[TRY IT]:
Pull out every line below containing the word "Products".

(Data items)
== Segment start ==

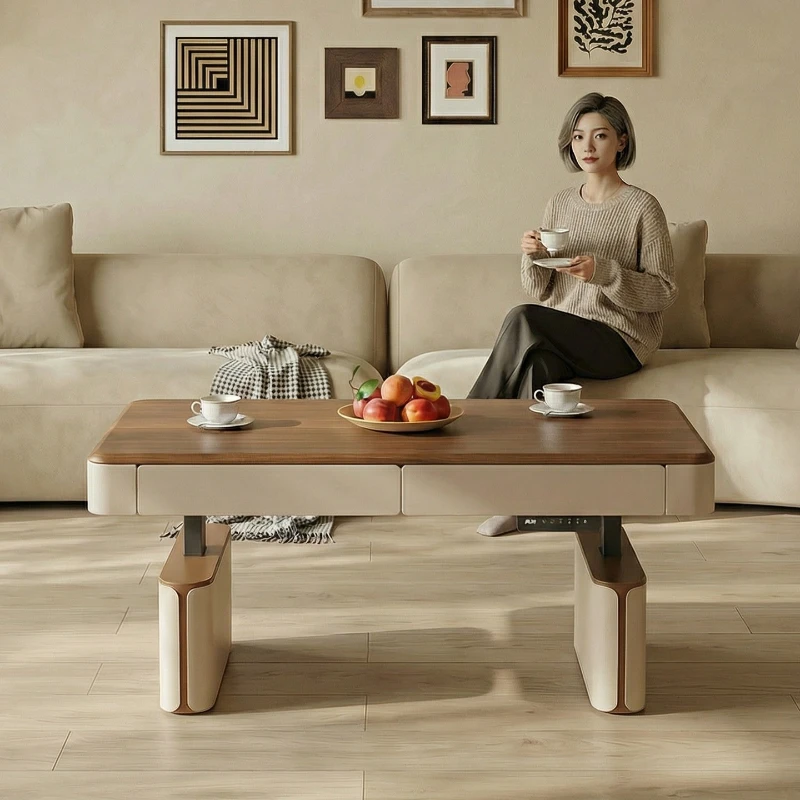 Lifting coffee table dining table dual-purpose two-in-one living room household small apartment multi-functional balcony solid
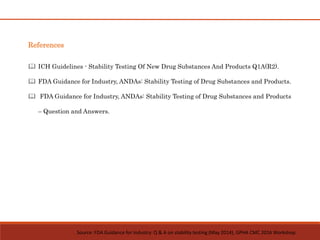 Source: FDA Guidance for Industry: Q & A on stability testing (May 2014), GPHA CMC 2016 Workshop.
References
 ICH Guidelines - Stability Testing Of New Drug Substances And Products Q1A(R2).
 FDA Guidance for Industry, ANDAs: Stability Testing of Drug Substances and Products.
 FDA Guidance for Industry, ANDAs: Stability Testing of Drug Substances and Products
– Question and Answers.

== Segment end ==
== Segment start ==

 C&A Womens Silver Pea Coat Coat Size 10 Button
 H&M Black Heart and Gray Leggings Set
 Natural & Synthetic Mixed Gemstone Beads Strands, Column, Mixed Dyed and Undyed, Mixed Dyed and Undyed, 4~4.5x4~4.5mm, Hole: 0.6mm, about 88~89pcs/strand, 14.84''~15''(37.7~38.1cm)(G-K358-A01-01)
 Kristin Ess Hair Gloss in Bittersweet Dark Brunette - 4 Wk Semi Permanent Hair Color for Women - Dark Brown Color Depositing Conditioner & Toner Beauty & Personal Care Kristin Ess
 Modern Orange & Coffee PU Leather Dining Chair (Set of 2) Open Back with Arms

== Segment end ==

[PROBLEM SOLUTION]:
 ICH Guidelines - Stability Testing Of New Drug Substances And Products Q1A(R2).
 FDA Guidance for Industry, ANDAs: Stability Testing of Drug Substances and Products.
 FDA Guidance for Industry, ANDAs: Stability Testing of Drug Substances and Products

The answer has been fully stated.